Connecting agents
Estratos is a standard remote MCP server. Any client that speaks the Model Context Protocol can read and write your company's memory — no bespoke integration. This section walks through connecting each agent your team uses, and how to troubleshoot connections.
How connecting works
For most agents you install the Estratos Memory plugin from a marketplace; for anything else you point the client at the raw MCP endpoint. Either way, the first time the agent connects it runs a one-time OAuth handshake in your browser:
- The agent discovers the Estratos authorization server from the endpoint automatically.
- Your browser opens the Estratos consent screen.
- You pick which workspace to connect (if you belong to more than one) and review the scopes the client is requesting.
- You click Allow, and the agent receives a token scoped to that one workspace.
No client ID, secret, or API key goes into any config. The token identifies you and your workspace on every call — you never pass a workspace or account as a parameter.
What installs
The Estratos Memory plugin bundles the MCP memory server plus skills — retrieval, recording, hierarchy, and naming. Generic MCP clients that can't install a plugin get the tools only and rely on the server's built-in tool descriptions.

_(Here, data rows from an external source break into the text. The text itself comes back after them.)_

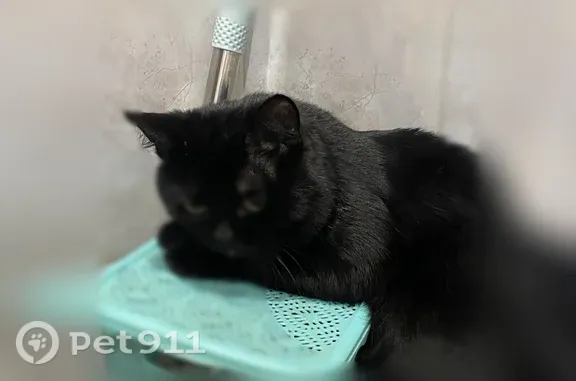 Пропала кошка, Стрежевой, 14, Стрежевой — чёрная, с редкими тёмно-коричневыми пятнами на животе, ярко-жёлтые глаза - photo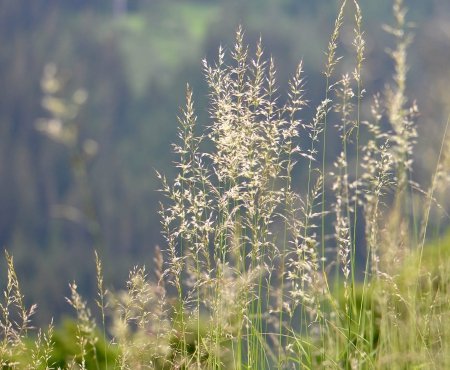 DSC_4692_bearbeitet-1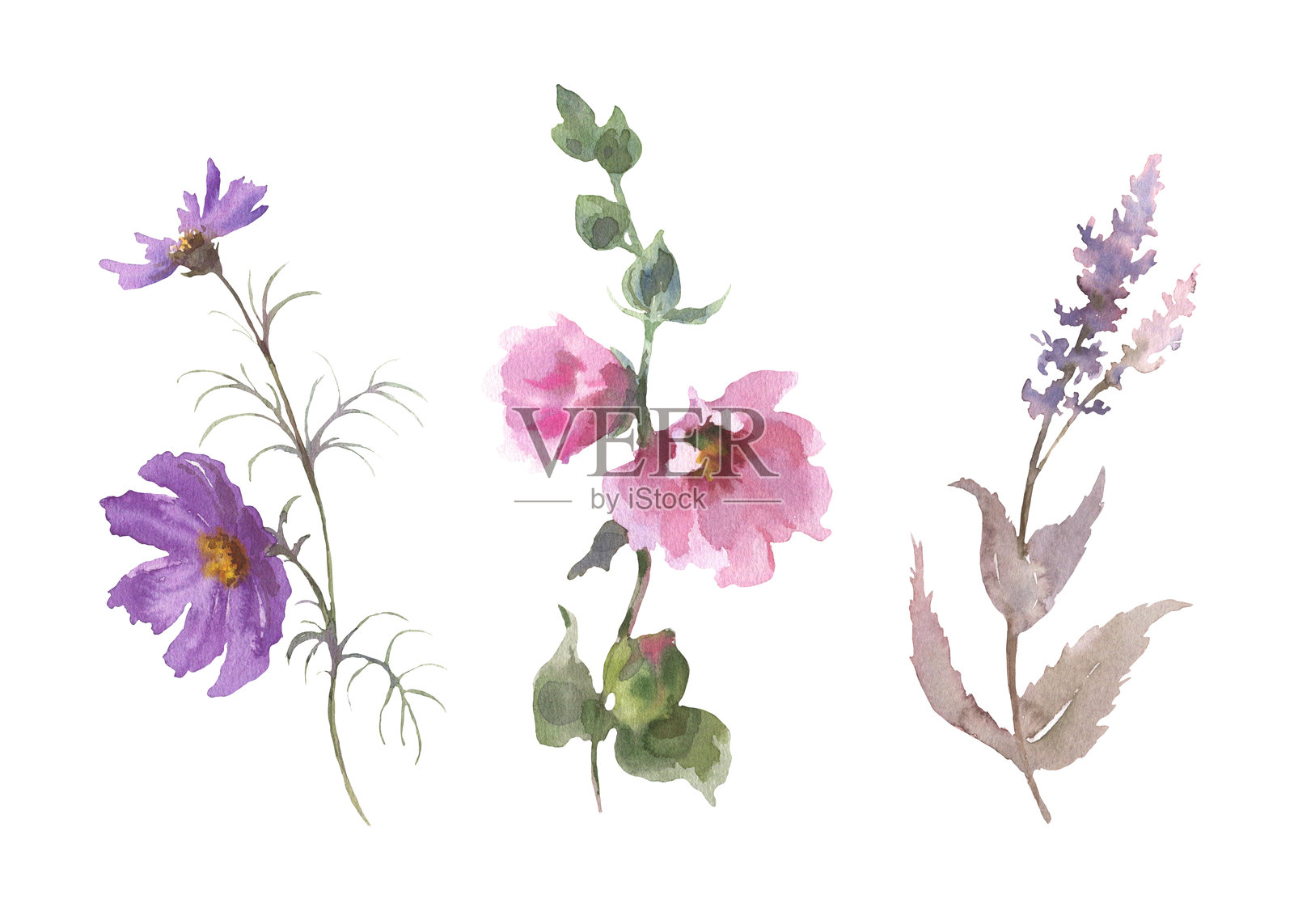 水彩花卉组合:大波斯菊、锦葵、鼠尾草。水彩手绘插图,背景为白色。适用于婚礼设计或请柬卡片。插画图片素材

Everything on this page mirrors the Connect › Configure agents screen inside the app, where each card shows the same steps with a copyable marketplace URL and a live "Test your connection" status.
Pick your agent
- Claude Desktop — install from the plugin marketplace
- Codex — Codex app and CLI
- Copilot Cowork — Microsoft 365 plugin marketplace
- Generic MCP client — any MCP-capable agent, manual setup
- Troubleshooting — reconnecting, token expiry, and testing a connection
Requirements
Connecting an agent requires the API access entitlement on your workspace's plan. Only workspace Owners can approve the OAuth consent and bind a token to a workspace. Once connected, what a member's agent can do is bounded by that member's role — see roles and permissions.
Prefer the raw endpoint or a headless setup?
The plugin is the easy path, but everything is a standard MCP + OAuth surface underneath. If you're building your own client, wiring CI, or want the protocol-level details — endpoints, scopes, discovery documents, dynamic registration — see the MCP server reference.